What to Look for In a Backlink
|
| |
![]() | |
A lot of people have very conflicting views about backlinks, and what indicates quality. Here, I’m going to outline the reality of backlinks. What’s good, what’s not, and what doesn’t matter.
- Quantity, quantity, quantity. Screw everyone who says you need to have only high PR links.
- A big quantity rush beats a few high PR links any day.
- Make sure growth rate is sustainable for at least a couple weeks.
- NoFollow is better than not there
- Anchor Text can still affect your ranking, although link juice is not directly passed. (according to my test)
- Site-wide links are MUCH better than one page.
- The more outbound links on a site, and the less content, the less the links are worth. Which means a PR7 directory is not worth near as much as any other high PR link. Directories suck.

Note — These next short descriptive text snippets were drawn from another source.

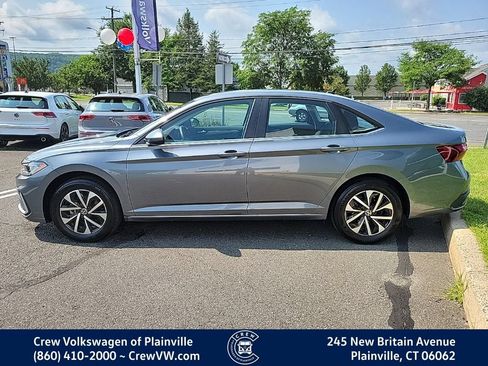 Certified 2025 Volkswagen Jetta S FWD image 25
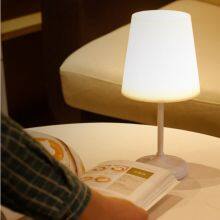 LED Reading Eye Protection Desk Lamp Touch Dimmable USB Charging With Remote Control Table Lamp For Lighting Night Lights thumbnail-2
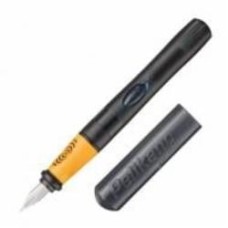 Ручка перьевая Pelikan Pelikano Junior Anthracite для правши 824842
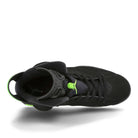 Jordan Air Jordan 6 Retro Black / Electric Green  Detail view 1 | Overkill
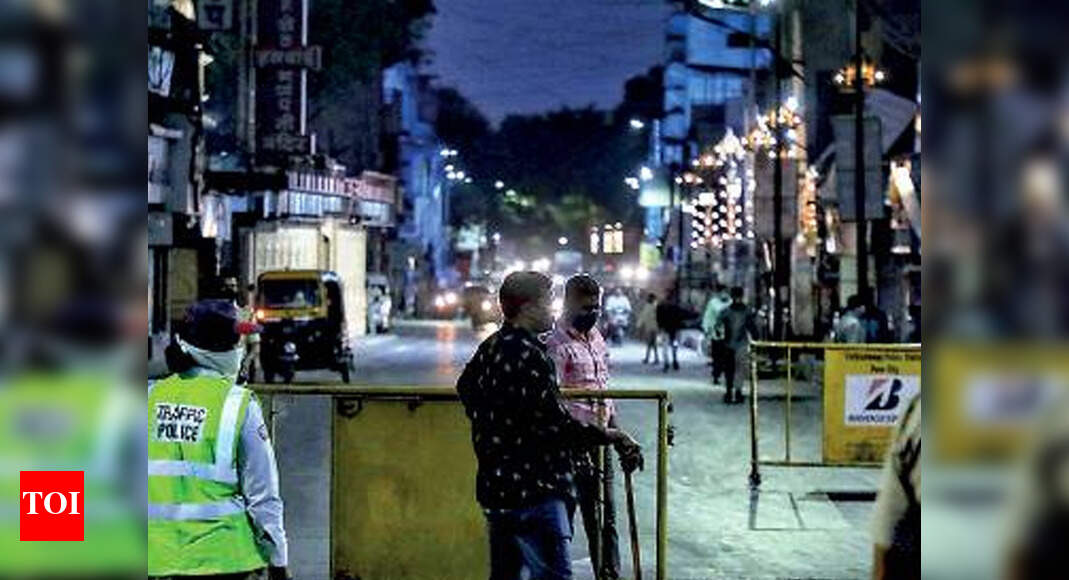 Pune lockdown news Restrictions in Pune till April 9, fresh order on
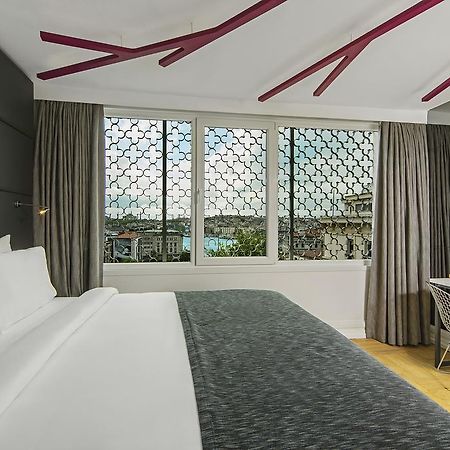 The Purl Hotel Estambul Exterior foto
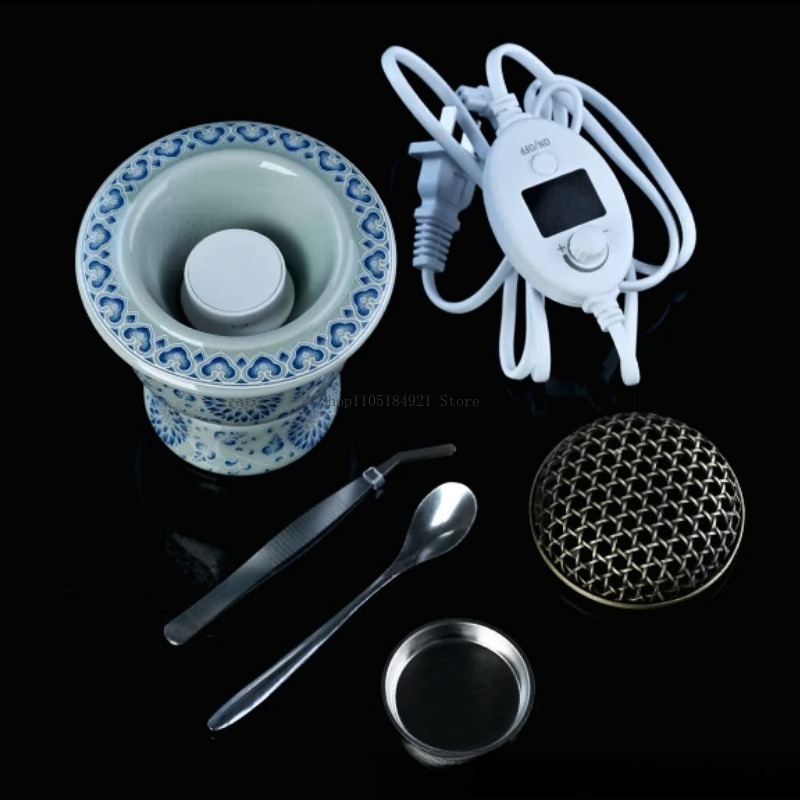 Ceramic Incense Burner Resista - огляд і ціна Ceramic Oil Burner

- Paid links are a last resort. There’s MILLIONS of places to link drop on the web. If you could make more from a paid link than the cost, then people would just use the links themselves.
- Never pay for a link that’s for traffic only. No link provides enough traffic to pay for it.
- Look up “Spam Mass” in wikipedia. You’ll be glad you did.
- Keep your backlink anchor text relatively the same. It should be your primary search term. I have some evidence that your benefit is calculated as a percentage of your anchor text being XYZ.
- You do not want links from websites whose IPs are the same as your server, or on the same C-Block (x.x.x.0-x.x.x.255)
I’ll post something more advanced later. This is just for the beginners out there.